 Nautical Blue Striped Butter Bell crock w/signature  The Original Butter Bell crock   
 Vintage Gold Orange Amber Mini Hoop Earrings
★ ★ ★
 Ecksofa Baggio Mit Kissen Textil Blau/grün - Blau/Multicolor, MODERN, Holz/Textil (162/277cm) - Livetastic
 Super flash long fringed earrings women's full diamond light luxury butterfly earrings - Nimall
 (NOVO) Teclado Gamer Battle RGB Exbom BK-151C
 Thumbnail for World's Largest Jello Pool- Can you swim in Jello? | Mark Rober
★ ★ ★
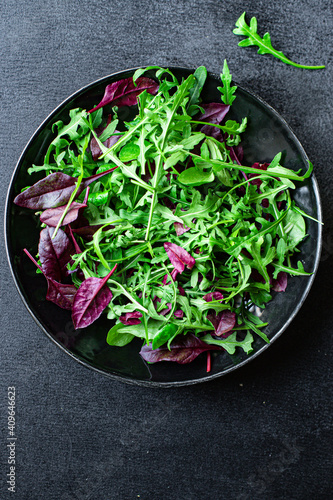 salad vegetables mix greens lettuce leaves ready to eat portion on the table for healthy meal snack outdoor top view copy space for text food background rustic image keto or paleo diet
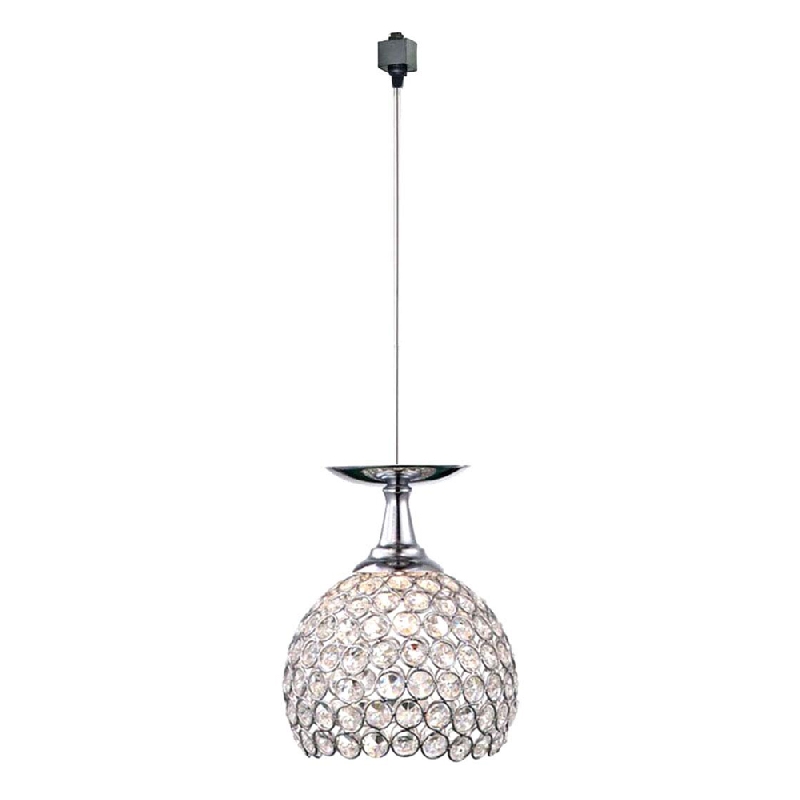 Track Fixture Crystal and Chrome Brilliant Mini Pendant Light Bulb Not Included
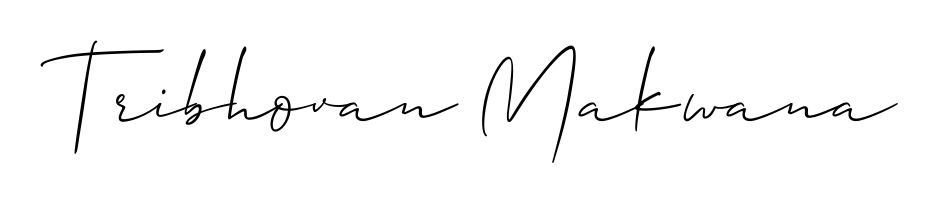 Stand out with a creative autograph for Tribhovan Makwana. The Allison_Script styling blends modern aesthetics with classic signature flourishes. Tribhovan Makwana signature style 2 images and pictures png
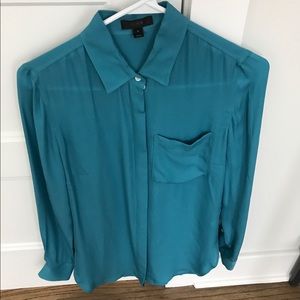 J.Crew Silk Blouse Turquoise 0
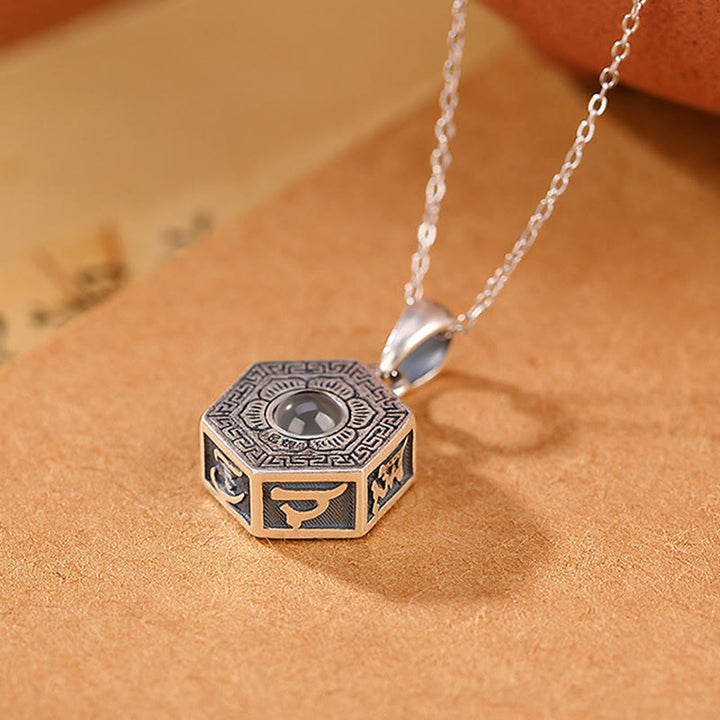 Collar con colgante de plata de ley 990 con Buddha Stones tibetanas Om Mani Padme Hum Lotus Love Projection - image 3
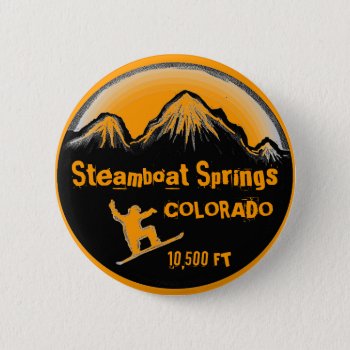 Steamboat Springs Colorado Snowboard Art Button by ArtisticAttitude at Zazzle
★ ★ ★
About this exercise:
The lines above starting at the one that contains "Nautical Blue Striped" and ending at the one that contains "Vintage Gold Orange Amber Mini Hoop Earrings" must be transcribed exactly, and no other lines may appear.

Response area:
 Nautical Blue Striped Butter Bell crock w/signature  The Original Butter Bell crock   
 Vintage Gold Orange Amber Mini Hoop Earrings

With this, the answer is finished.